§ **TASK BRIEF**: Down to the last line of the listing, starting at the one with "Set da zucchero", retype each line exactly. Do not copy the pictures.

*** SUPPLIED MATERIAL ***

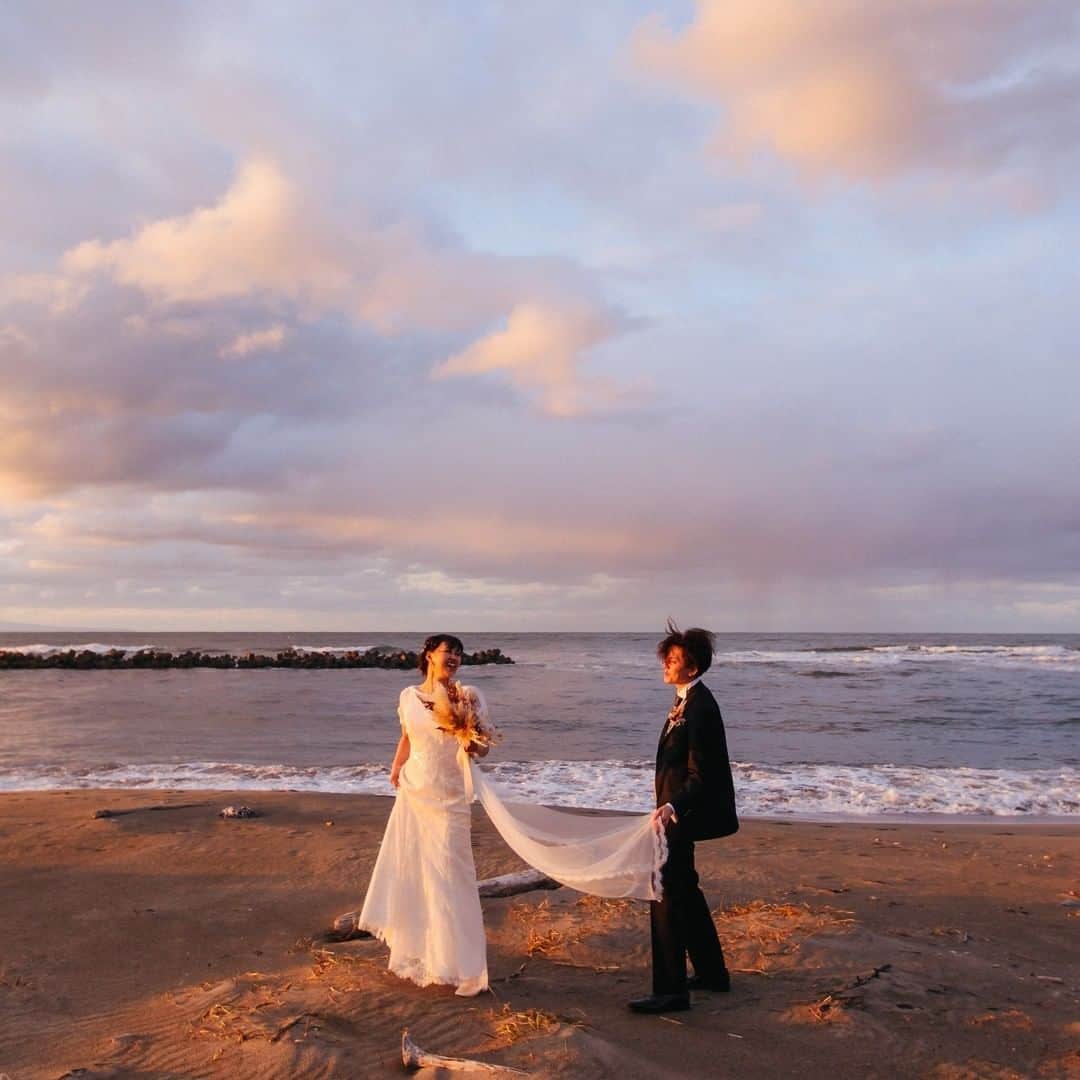 ラヴィ•ファクトリーさんのインスタグラム写真 - (ラヴィ•ファクトリーInstagram)「【写真で叶える結婚式】 . 美しいサンセットビーチにて..*  ロケーションの美しさ×ウェディングベールを活かし とびきりロマンチックな作品に。 はにかむおふたりの姿もとっても印象的でした＊ —————— ラヴィファクトリー新潟: @niigata_laviephotography  Photographer:@go_akashi  AREA:JAPAN,NIIGATA —————— @laviefactoryをフォローして #laviefactory #ラヴィファクトリー のハッシュタグをつけて お写真を投稿してみてくださいね✳︎ . こちらの公式IG（@laviefactory） で取り上げさせていただきます✨ #wedding#weddingphotography #ラヴィファクトリー #laviefactory #photo #生きる写真 #ハートのある写真 #instawedding #結婚写真 #ウェディング #ウェディングフォト #撮影指示書 #ロケーションフォト #前撮り #プレ花嫁 #結婚準備 #写真好きな人と繋がりたい #フォトウェディング #卒花 #前撮り #後撮り #ウェディングニュース #プラコレ #ベールインフォト #サンセットフォト #新潟花嫁 #サンセット #ウェディングベール」1月27日 17時12分 - laviefactory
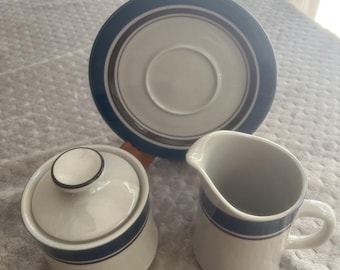 Set da zucchero e panna in gres Sango Carousel 802 Blue Japan + un piattino Vintage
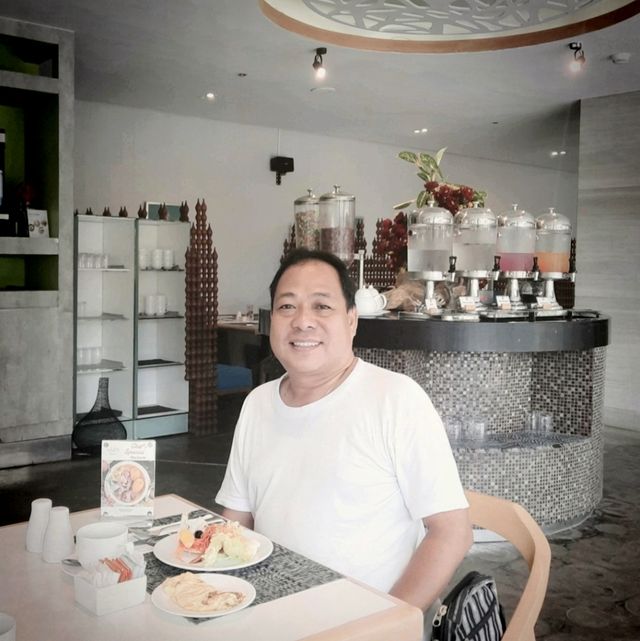 SAVOY CAFE: REMARKABLE BREAKFAST BUFFET
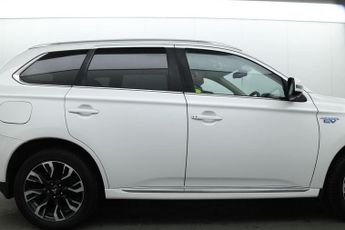 MITSUBISHI OUTLANDER 2.0h 12kWh 4h SUV 5dr Petrol Plug-in Hybrid CVT 4WD Euro 6 (s/s)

***

§ **FINISHED EXERCISE**:
 Set da zucchero e panna in gres Sango Carousel 802 Blue Japan + un piattino Vintage
 SAVOY CAFE: REMARKABLE BREAKFAST BUFFET
 MITSUBISHI OUTLANDER 2.0h 12kWh 4h SUV 5dr Petrol Plug-in Hybrid CVT 4WD Euro 6 (s/s)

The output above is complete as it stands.